The geometric factors stored in `qdata` represent the symmetric matrix $w
\det(J) J^{-\intercal} J^{-1}$ evaluated at every quadrature point. In order to
reduce data usage, instead of storing this data as a $d \times d$ matrix, we use
the fact that we know it is symmetric to only store $d(d+1)/2$ entries, and the
remaining entries we infer by symmetry. These entries are stored using the
[Voigt convention](https://en.wikipedia.org/wiki/Voigt_notation).

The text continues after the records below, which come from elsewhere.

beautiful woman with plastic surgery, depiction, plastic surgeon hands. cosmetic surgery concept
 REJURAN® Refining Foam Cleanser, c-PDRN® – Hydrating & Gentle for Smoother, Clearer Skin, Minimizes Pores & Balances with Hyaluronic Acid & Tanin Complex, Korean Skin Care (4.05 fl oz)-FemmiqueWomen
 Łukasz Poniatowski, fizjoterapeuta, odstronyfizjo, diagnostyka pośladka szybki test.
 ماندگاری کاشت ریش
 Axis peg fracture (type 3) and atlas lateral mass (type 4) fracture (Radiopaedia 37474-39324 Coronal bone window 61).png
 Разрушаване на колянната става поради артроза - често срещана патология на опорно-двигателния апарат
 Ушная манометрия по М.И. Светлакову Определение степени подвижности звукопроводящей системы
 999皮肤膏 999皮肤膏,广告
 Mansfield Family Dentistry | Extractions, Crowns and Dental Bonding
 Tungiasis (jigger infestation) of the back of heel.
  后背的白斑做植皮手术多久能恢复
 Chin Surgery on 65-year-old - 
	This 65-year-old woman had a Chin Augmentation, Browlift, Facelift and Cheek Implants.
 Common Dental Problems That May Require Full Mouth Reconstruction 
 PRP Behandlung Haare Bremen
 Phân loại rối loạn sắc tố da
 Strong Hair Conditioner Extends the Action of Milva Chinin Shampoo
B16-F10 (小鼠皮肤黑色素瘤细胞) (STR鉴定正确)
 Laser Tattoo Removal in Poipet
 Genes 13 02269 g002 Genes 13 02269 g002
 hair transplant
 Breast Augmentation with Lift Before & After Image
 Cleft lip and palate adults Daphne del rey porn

LibCEED.jl
provides some [utilities](Misc.md#LibCEED.getvoigt) for storing and extracting
symmetric matrices stored in this fashion.

After the field specifications, we have the body of the Q-function:
```julia
@inbounds @simd for i=1:Q
    dXdxdXdxT = getvoigt(@view(qdata[i,:]), CeedDim(dim))
    dui = SVector{dim}(@view(du[i,:]))
    dv[i,:] .= dXdxdXdxT*dui
end
```
First, the matrix $w \det(J) J^{-\intercal} J^{-1}$ is stored in the variable
`dXdxdXdxT`. The symmetric entries of this matrix are accesed using
`@view(qdata[i,:])`, which avoids allocations. [`getvoigt`](@ref) is used to
convert from Voigt notation to a symmetric matrix, which returns a statically
sized `SMatrix`. The version for the correct spatial dimension is selected using
`CeedDim(dim)`, which allows for compile-time dispatch, since `dim` is a
constant whose value is known as a constant when the Q-function is JIT compiled.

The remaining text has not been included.